The humble drawing finally comes of age with Bentley introducing automated drawing production in its new-generation civil design tool, writes Greg Corke
Bentley has a bold vision for civil engineering and construction. Its ‘constructioneering’ partnership with Topcon presents an entirely digital future, where engineering models drive autonomous construction vehicles and reality is captured in real time for QA and as-built asset records.
It’s a compelling narrative, but in an industry that is often slow to embrace new technologies and processes, the humble 2D drawing continues to be the essential deliverable in civil engineering projects.
This has not been lost on Bentley’s civil design software development team, which has dedicated considerable resources to automating drawing production in OpenRoads Designer Connect Edition, the successor to Bentley’s civil engineering stalwarts: InRoads, Geopak, MX, and PowerCivil.
Laying the foundations
OpenRoads first appeared in 2013 as a common modelling technology for InRoads, Geopak and MX, acting as a stepping stone to a unified civil engineering detail design tool. It delivered intelligent 3D design tools with parametric constraints and dynamic civil cells that adapted to the design as it changed.
At the time, standards-based 2D deliverables were still handled by the individual applications. This remained the case until the launch of OpenRoads Designer Connect Edition last month.
The big difference with this new-generation software tool is the level of automation that has been built into drawing production. Previously, while drawings were derived from 3D models, they still required a fair amount of manual finishing and management.
“[OpenRoads Designer] is more interactive, in that a user can set up different ways of looking at the same information dependent upon the phase within the project that they’re at,” explains Steve Cockerell, industry marketing director, road and rail, Bentley Systems. “You might have a very simple view with a minimal amount of geometry showing whilst you’re designing, but a country or a project requirement might dictate that you need a very distinct set of information export for all of the intersection points — so it’s literally just picking a style for that particular phase for the same information to be drawn or exposed.”
Cockerell’s use of the word ‘exposed’ is important here as, in OpenRoads Designer, the drawing is inextricably linked to the 3D model. “It’s looking back to the geometry and extracting that information and presenting it in the style, as opposed to the more manual process that we’ve gone through before where you’d have to annotate your plan and other items.
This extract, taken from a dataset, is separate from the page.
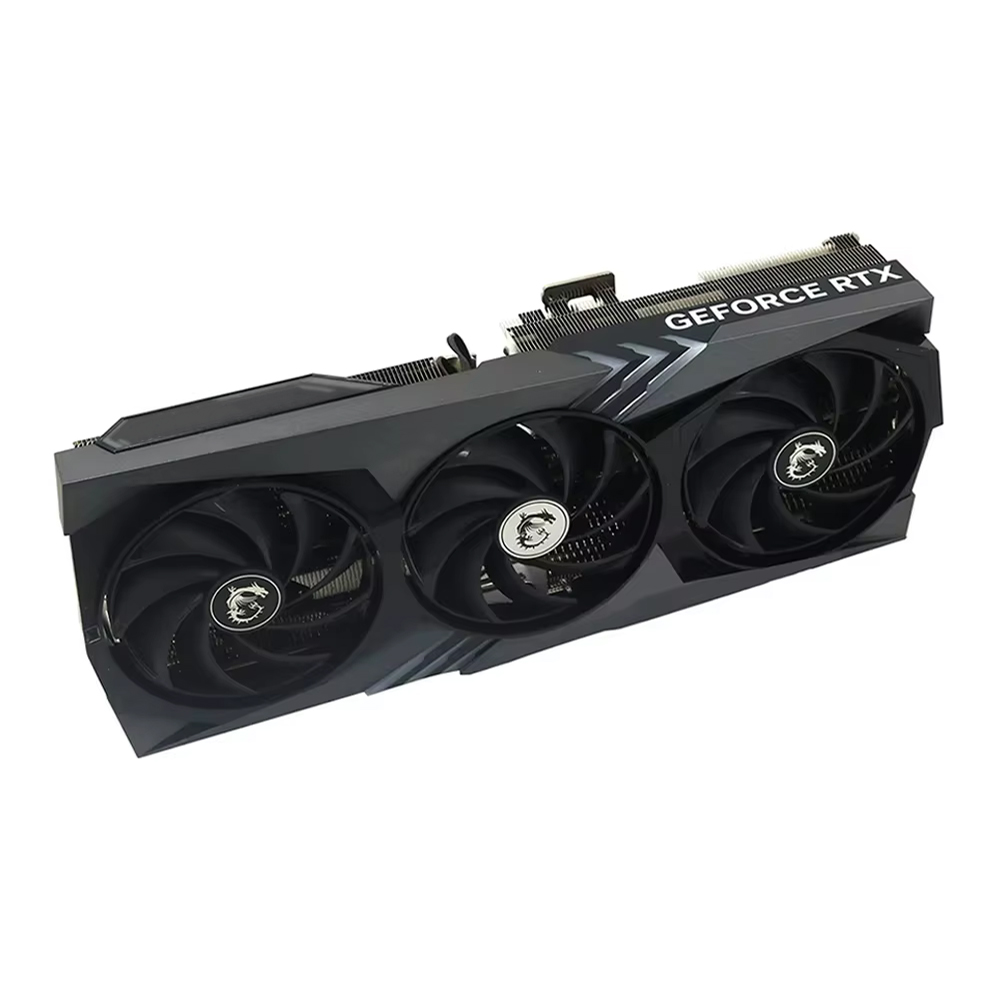 Radiator do karty graficznej M – Rtx 4090 24Gb Graphics Card recenzja i cena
It was semi-automatic.”
In OpenRoads Designer, the new documentation centre can deal with different changes in scale in different areas within a single sheet and manage that for you.
“It gives us complete flexibility to stitch drawing sets together, to federate them with a set of named boundaries that control the drawing set in a ‘motif’ file,” adds Bentley’s Ian Rosam, director, product management, civil design. “And we can utilise that motif file to produce the drawings for different series and requirements.”
Importantly, any changes made to the model automatically ripple through to the drawings. Edits can also be made directly in the sheets and OpenRoads Designer updates the source geometry accordingly.
This ripple effect extends to annotations — so long as the user snaps them directly onto geometry and they are not left floating in space.
Drawing title blocks can also be automatically populated, as Cockerell explains, “I know it’s a simple thing, but every drawing has got to know what it is and be referenced back to a plan set. Then, if the design changes, you’ve got to go back and change every set of plans that are affected by that, so it [OpenRoads Designer] allows those design changes to automatically ripple through to the drawing production end of things.”
With OpenRoads Designer Connect Edition, Bentley has developed a fully automated drawing production system. This means that once the drawing sheets are set up, engineers can concentrate on the model, without having to worry about the knock-on effect that last-minute design changes might have on documentation. In essence, modelling and detailing can become much more fluent.
Working in this way, the time savings alone could be huge. However, by making a drawing a 100% by-product of a model, trust in the model will likely grow, encouraging its use as a key deliverable. And this could open doors to ‘constructioneering’ workflows, where the design model is digitally connected to construction and beyond.